Среди 12 «наших» депутатов Первой Думы было пять сионистов. Они еще до выборов говорили о необходимости создания в будущей Думе еврейской фракции, доказывая, что у евреев имеются свои интересы в новой России. Но в итоге победила точка зрения одного из основателей кадетской партии Максима Винавера, ассимилятора и либерала. Солидному петербуржскому юристу было бы неловко перед своими русскими коллегами, если бы в Думе евреи замкнулись в национальной фракции. По его совету депутаты-евреи разошлись по двум фракциям – к кадетам (9) и к трудовикам (3).
«Наши» в парламенте
Все депутаты-евреи были людьми с высшим образованием. Леонтий Брамсон, 47-летний публицист и помощник присяжного поверенного от Ковенской губернии, прославился своими расследованиями преступлений должностных лиц царской администрации. Он неоднократно выступал в Думе о введении гражданского равноправия, об отмене смертной казни. В 1917 году трудовик Брамсон и кадет Винавер отклонили предложения стать министрами Временного правительства, мотивируя это таким образом: «Еврею не следует быть русским министром». По-видимому, тогда у российских евреев были иные принципы, чем у поколения Немцова и Кириенко.
Григорий Брук, 37-летний витебский общественный раввин и дипломированный врач, был горячим сторонником сионистской идеи. Брук выступал на четырех Сионистских конгрессах, критиковал «план Уганды», организовывал съезды сионистов России. В Думе Брук не был в числе «говорунов»; вместо этого он направил ряд депутатских запросов, спасая от расправы своих земляков-евреев. После разгона Первой Думы витебские власти отстранят его от должности раввина.
Блестящий оратор Максим Винавер (43), который наравне с Павлом Милюковым считался лидером партии кадетов, сумел за короткий период думской работы выступить с 25(!) речами. Неприкосновенность личности и жилища, свобода собраний, прекращение полицейского произвола – все эти вопросы затрагивались Винавером. Он старался не выпячивать еврейскую тему, не отрывать ее от решения задач русского либерализма, оставаясь вплоть до своих последних дней французской эмиграции сторонником ассимиляции евреев. Ирония судьбы: его дочь Валентина стала в 1914 году членом ЦК всероссийской сионистской студенческой организации «Ха-Хавер».

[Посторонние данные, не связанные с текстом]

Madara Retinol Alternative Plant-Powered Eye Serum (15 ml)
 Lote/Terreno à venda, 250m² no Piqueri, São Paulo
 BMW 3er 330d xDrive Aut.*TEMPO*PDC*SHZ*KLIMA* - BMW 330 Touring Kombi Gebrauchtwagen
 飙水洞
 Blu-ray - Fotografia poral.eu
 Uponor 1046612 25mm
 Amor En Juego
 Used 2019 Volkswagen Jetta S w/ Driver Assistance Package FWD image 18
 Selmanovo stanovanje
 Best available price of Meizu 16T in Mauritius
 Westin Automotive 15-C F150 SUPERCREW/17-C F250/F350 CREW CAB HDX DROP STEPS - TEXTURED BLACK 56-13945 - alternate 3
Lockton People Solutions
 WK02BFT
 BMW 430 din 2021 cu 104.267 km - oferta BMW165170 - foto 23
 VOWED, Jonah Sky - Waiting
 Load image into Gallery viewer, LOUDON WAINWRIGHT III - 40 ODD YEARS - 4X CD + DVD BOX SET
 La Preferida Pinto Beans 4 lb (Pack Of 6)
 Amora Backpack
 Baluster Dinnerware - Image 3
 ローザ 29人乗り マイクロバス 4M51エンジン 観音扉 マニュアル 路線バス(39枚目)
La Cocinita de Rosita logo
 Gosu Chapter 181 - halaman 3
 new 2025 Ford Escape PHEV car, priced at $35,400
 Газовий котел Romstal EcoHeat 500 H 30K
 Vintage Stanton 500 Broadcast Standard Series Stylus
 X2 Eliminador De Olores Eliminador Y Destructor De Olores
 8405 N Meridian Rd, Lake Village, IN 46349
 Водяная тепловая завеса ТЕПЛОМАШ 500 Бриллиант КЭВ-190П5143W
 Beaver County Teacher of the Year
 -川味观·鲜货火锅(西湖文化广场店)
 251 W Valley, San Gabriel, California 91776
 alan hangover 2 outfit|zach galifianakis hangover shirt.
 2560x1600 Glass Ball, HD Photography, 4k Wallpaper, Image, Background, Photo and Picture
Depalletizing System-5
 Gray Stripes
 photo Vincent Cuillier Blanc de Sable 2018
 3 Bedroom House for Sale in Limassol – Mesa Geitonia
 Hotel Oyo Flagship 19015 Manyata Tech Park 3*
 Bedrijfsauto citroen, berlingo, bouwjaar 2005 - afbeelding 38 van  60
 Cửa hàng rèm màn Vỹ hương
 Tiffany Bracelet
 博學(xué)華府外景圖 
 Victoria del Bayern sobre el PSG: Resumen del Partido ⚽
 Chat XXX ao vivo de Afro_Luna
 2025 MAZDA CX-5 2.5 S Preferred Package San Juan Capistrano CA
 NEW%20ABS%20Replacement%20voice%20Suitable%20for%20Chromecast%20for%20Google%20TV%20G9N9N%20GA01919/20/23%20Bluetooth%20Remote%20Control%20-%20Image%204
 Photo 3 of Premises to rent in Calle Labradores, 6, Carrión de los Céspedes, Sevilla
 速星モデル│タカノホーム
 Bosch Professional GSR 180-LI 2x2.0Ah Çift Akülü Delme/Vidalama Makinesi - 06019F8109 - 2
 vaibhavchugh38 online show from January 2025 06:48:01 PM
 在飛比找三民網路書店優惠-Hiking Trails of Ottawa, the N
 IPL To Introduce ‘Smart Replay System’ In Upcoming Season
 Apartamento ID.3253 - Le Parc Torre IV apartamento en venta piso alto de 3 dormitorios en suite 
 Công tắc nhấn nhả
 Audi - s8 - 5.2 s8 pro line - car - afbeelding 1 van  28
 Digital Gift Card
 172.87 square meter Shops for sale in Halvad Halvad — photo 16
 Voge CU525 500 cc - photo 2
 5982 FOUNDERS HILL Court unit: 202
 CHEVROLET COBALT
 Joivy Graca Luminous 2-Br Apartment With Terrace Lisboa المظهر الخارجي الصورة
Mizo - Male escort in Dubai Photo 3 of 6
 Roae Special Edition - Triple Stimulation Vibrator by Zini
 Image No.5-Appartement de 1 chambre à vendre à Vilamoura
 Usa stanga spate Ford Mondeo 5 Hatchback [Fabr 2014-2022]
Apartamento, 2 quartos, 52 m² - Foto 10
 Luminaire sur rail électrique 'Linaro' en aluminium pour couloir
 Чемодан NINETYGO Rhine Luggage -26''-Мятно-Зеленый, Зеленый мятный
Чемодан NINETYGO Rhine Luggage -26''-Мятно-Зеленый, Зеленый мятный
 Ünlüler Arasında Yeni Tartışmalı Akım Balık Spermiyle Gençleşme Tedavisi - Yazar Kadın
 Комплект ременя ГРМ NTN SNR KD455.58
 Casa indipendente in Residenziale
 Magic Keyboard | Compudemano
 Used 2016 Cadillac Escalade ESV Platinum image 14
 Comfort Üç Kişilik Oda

Доктор права и журналист Григорий Иоллос (47) был редактором «Русских Ведомостей» и работал в финансовой комиссии вместе с доктором философии Нисаном Каценельсоном – депутатом от Курляндской губернии. Последний сопровождал Теодора Герцля в его поездке по России в 1903 году. Доктор медицины Мейлах Червоненкис, избранный от Киевской губернии, работал в бюджетной комиссии Думы. От той же губернии был избран и врач Соломон Френкель. Юрист и екатеринославский депутат Михаил Шефтель (54) работал в аграрной комиссии.
Доктор философии Шмарьягу Левин (39), избранный от Вильно, вошел не только в летопись российского парламентаризма, но и в историю сионистского движения. Левин получил раввинское образование, затем учился в университетах Берлина и Кенигсберга, еще до Герцля начав протосионистскую деятельность среди студентов-евреев. В 1896-1906 годах работал «казенным» раввином, выступал на сионистских конгрессах, громил «план Уганды», считая, что евреи должны возвращаться именно в Эрец Исраэль.
В день открытия Первой Думы кто-то из депутатов-шутников (или антисемитов?) прислал в президиум записку с предложением избрать Шмарьягу Хаимовича Левина председателем Госдумы. Опасаясь гонений после разгона Думы, Левин бежит из России. В 1912-1913 годах он становится одним из основателей хайфского Техниона, борется за преподавние на иврите – против монополии немецкого языка. В 20-х годах переезжает из США в Тель-Авив, где вплоть до смерти в 1935 году работает журналистом и газетным издателем.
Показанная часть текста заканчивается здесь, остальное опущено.